Como é sua relação com a tecnologia? Você escreve seus primeiros rascunhos à mão ou no computador?
Tenho sempre um computador conectado a internet, que é muito útil para pesquisas rápidas. Salvo os meus arquivos também e um pendrive. Não consigo produzir sem ajuda da tecnologia. Sempre coloco tudo que escrevo no computador, mesmo que tenha escrito numa folha de papel durante o meu dia, pois logo ao chegar em casa passo tudo para ele.
De onde vêm suas ideias? Há um conjunto de hábitos que você cultiva para se manter criativo?
As ideias surgem de repente na minha cabeça e sempre associadas com a minha vivência, ao meu dia a dia, ou algo que tenha lido nos veículos de informação. As experiências de pessoas com que eu tenha convivido ou conviva, são uma ótima fonte para criação. Com tudo em mente e a pesquisa sendo realizada, ficciono em volta do enredo idealizado.
O que você acha que mudou no seu processo de escrita ao longo dos anos? O que você diria a si mesmo se pudesse voltar à escrita de seus primeiros textos?
Encaro que a cada texto que escrevo como um processo de evolução, buscando fazer algo melhor, mas não fugindo do objetivo de contar uma boa história. Algo que gosto de fazer que não fazia no início era contar um fato ou algo histórico dentro da narrativa. Existe um romance histórico feito por mim quando comecei, que pretendo reescrevê-lo no futuro, pois acho do modo como escrevo hoje, ele talvez venha a ter um resultado final muito melhor.
Que projeto você gostaria de fazer, mas ainda não começou? Que livro você gostaria de ler e ele ainda não existe?

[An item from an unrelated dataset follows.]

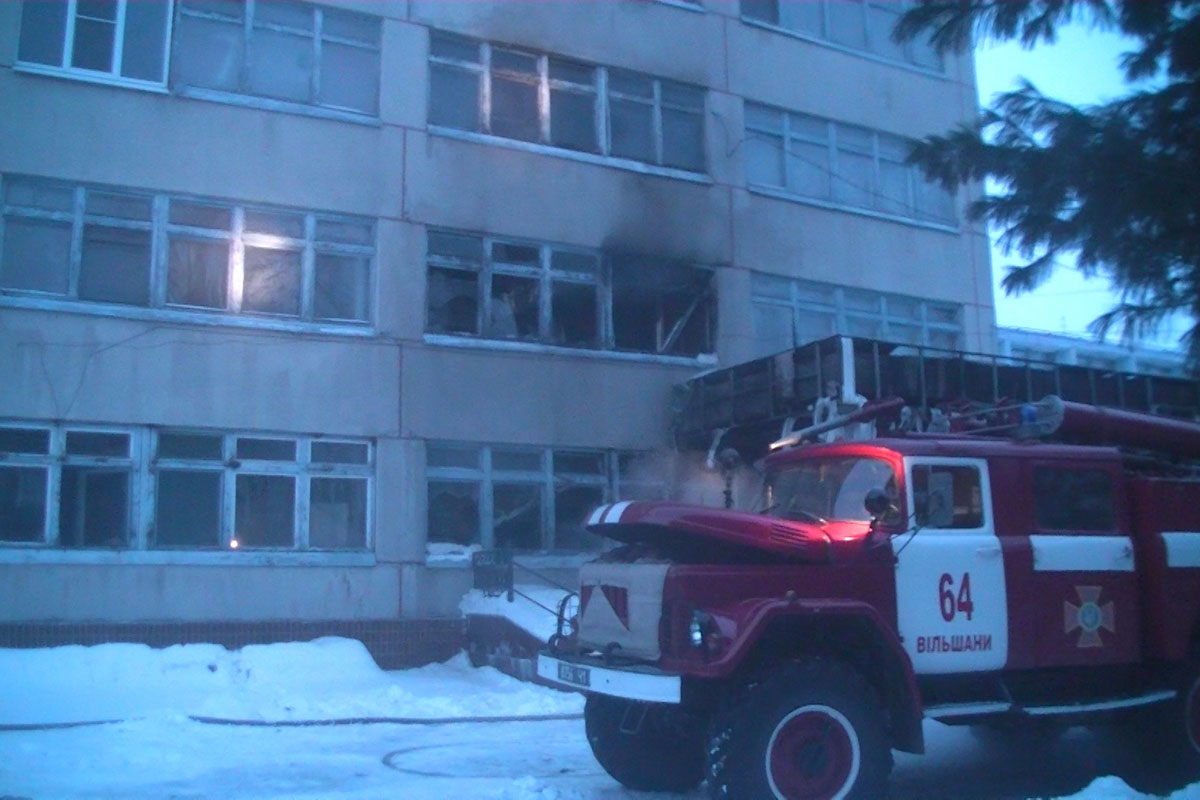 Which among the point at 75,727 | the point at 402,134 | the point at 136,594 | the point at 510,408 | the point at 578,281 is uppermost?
the point at 402,134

Eu gostaria muito de ter mais tempo para ler e escrever. Nada tão frequente, mas regular e assim iniciar um projeto de roteiro para TV e cinema. Não consigo idealizar um livro que gostaria de ler, pois são tantos na história da humanidade, que é só procurar. O problema algumas vezes é achá-lo. Também há aqueles livros que ainda estão por vir e no futuro tomaremos contato. Tem uma coisa que não abro mão na leitura, que é se divertir.